Broadsheets and tabloids spoke in unison of a season of struggle for the Blues under new owners Convers Sports Initiatives. Bloggers and Tweeters underlined the sentiment.

Some had Pompey to finish as low as 18th as they attempted to gaze prophetically towards the final table next May.

It was interesting to gauge Cotterill’s response as he was informed of the dismissive air towards his club’s prospects.

Middlesbrough had twice been penned back as his team had picked up a handy opening day point at the Riverside.

The Pompey’s boss’s adrenalin was still pumping in the wake of the game when he was asked about the predictions.

So it was never going to take much to get him fired up again, and he was soon bristling at how Pompey had been written off.

Cotterill stopped short of a tirade at the stories, however. Those who know him will be well aware there could have been fireworks.

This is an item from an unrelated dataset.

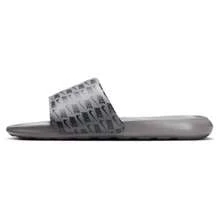 Nike Victori One Slides Men's Pencil Point/Anthracite CN9678-017 | Pool & Beach Ready, Recovery Comfort - Grey - View 5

He instead chose to note the stance towards his men, and tuck it away as ammunition that could be used to fire up his men at the right time.

It’s been intriguing to see the difference in the perception of the club at national and local level in recent weeks.

In the wider football world, Pompey are perceived as a club still haemorrhaging from the succession of near-fatal wounds inflicted to them in recent years.

Those who follow the club’s fortunes more intimately, however, are feeling an air of quiet optimism sweeping in with the wind of change CSI have brought with them.

It’s not the hurricane of expectation that is swirling around Leicester after the arrival of their Asian owners.

Nonetheless, with eight signings and more expected to follow, Pompey now have the look of a proper, competitive Championship outfit.

Benjani’s return and the arrival of Norwegian international Erik Huseklepp has served to lift fans and their hopes. So it’s interesting to note how Cotterill is playing with expectations – both his own and those of supporters.

In the past week or so he has repeatedly spoken about the owners’ desires to take a long-term view to the club’s progress.

He has been keen to manage the media engagements of his new faces, too, in an effort to temper any hysteria.

All the while, though, Cotterill is having to control his own sky-high hopes.

This is a man who was targeting the play-offs through last season’s shambles.

Cotts’ guard has slipped on occasion when the question has been posed where he is aiming over the coming months.

He couldn’t hide his delight at being able to talk about having a squad of players to call on at Pompey press briefing last week. He knows where that could take them.

His players have been more forthcoming about their top-six hopes this season, too.

It seems a fair ambition when assessing the players the Blues have at their disposal now.

The shadows may still understandably linger over the club in the wider football world.

But they may just provide the perfect cover for Pompey’s dark horses to spring from this season.